Meghan secoue la monarchie de par son histoire, sa présence, ses goûts, elle rend la vieille « firme » moderne, ouverte. Elle les rafraîchit… ou les menace. La frontière semble parfois floue. Aujourd’hui, Megan incarne ce qu’elle n’a jamais été en tant qu’actrice : une star. Mais attention à ne pas éclipser les autres, ceux qui vont grimper sur ce fichu trône. 

Les conseillers de la Reine, du prince Charles et du prince William débattent régulièrement de la place à accorder à ce couple-là, atout explosif de la monarchie. Les journaux ont annoncé un départ prochain des Sussex en Afrique pour plusieurs années.
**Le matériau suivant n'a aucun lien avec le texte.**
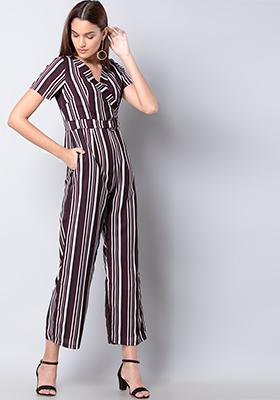 Wine White Striped Belted Jumpsuit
Il est vrai que Harry et Meghan s’y plaisent et qu’ils pourraient y renforcer l’aura du royaume. On a également évoqué un poste au Canada, avant de l’écarter, de peur de créer une famille régnante parallèle. Ce qui se dessine pour ces ambassadeurs de la jeunesse du Commonwealth : des missions humanitaires à l’étranger, des voyages, de l’exotisme. Ils ne croupiront pas sous le brouillard de la perfide Albion, ils brilleront au service de Sa Majesté certes, mais sous un soleil lointain. 

La dernière rumeur veut que Meghan et Harry cherchent une maison à Los Angeles pour se rapprocher de Doria, la mère de Meghan, qui y réside. Cela n’étonne pas ce reporter qui suit Harry depuis dix ans : « Il a envie de s’effacer, de mettre sa femme au premier plan. Pour Meghan, cela aurait du sens. Ici, elle n’est qu’une duchesse, là-bas elle serait la reine du show-business. » 

Avant de s’emballer et de spéculer sur le fait de savoir si les couches de bébé seront bio et lavables, la principale question des mois à venir concerne les agendas de tous ces princes coincés dans les couloirs de l’Histoire. Harry est le plus populaire parce que récent père. Quelques jours avant la naissance, Charles avait exigé d’annuler le déplacement de son cadet prévu à Amsterdam, de peur que celui-ci fasse de l’ombre à sa visite officielle en Allemagne. Raté !… Mais comment en vouloir à un bébé, son quatrième petit-enfant, de lui voler la vedette ? 

À l’avenir, la Firme va devoir gérer d’autres situations de « deconflicting », comme on dit chez les conseillers en communication. Où l’art de déminer les problèmes potentiels. D’après plusieurs sources, les quatre maisons, Buckingham Palace, Clarence House, Kensington Palace et celle de Sussex, pas encore nommée, auraient du mal à s’accorder. Il le faudra pourtant afin que ces princes et princesses que l’on envoie saluer les foules du monde entier comme on déplace des pions sur un échiquier ne se marchent pas sur les pieds.